(Beginning of DATA EXCERPT)

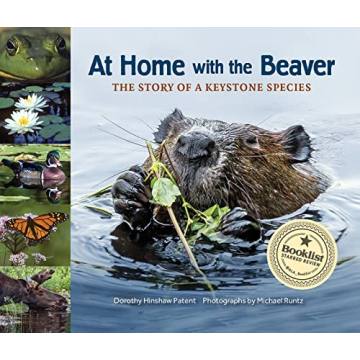 At Home with the Beaver: A Story of a Keystone Species (The Story of a Keystone Species, 2)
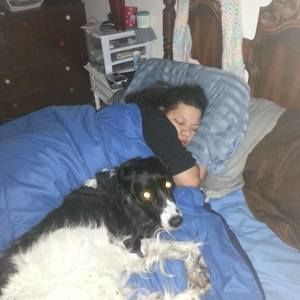 Meet your Posher, Thomas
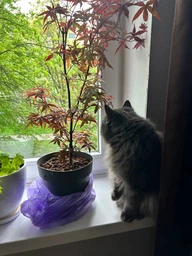 Японский клен Japanese maple, acer palmatum Little Red, 70-90см, горщик 34"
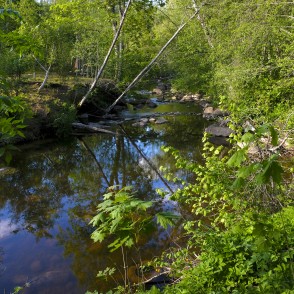 Ejot pa Kalnu dabas taku Ejot pa Kalnu dabas taku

(End of DATA EXCERPT)

## TASK
Starting with the line that holds "Японский клен Japanese", repeat exactly every line through the end of the material above, both ends included, without the pictures.

## TASK ANSWER
 Японский клен Japanese maple, acer palmatum Little Red, 70-90см, горщик 34"
 Ejot pa Kalnu dabas taku Ejot pa Kalnu dabas taku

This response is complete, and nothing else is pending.